— Work order —
Transcribe only the part of the material below that begins at the line containing "VTG Wild Wild West Green Movie Promo Tee" and ends at the line containing "Angebot Kawasaki Z 500 SE Bild", with both kept and images left out.

— Supplied data —

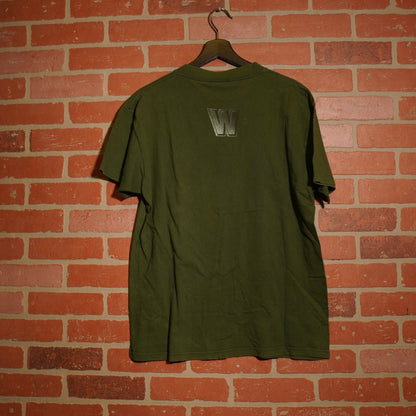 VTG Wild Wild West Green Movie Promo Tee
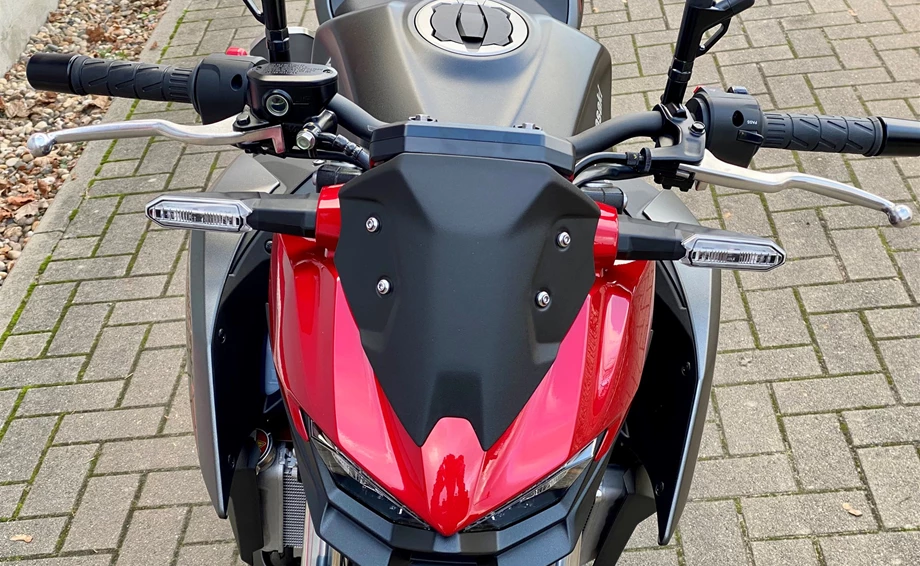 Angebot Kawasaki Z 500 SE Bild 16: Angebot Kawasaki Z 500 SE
...
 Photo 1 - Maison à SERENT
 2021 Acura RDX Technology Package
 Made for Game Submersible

— Response to this task —
 VTG Wild Wild West Green Movie Promo Tee
 Angebot Kawasaki Z 500 SE Bild 16: Angebot Kawasaki Z 500 SE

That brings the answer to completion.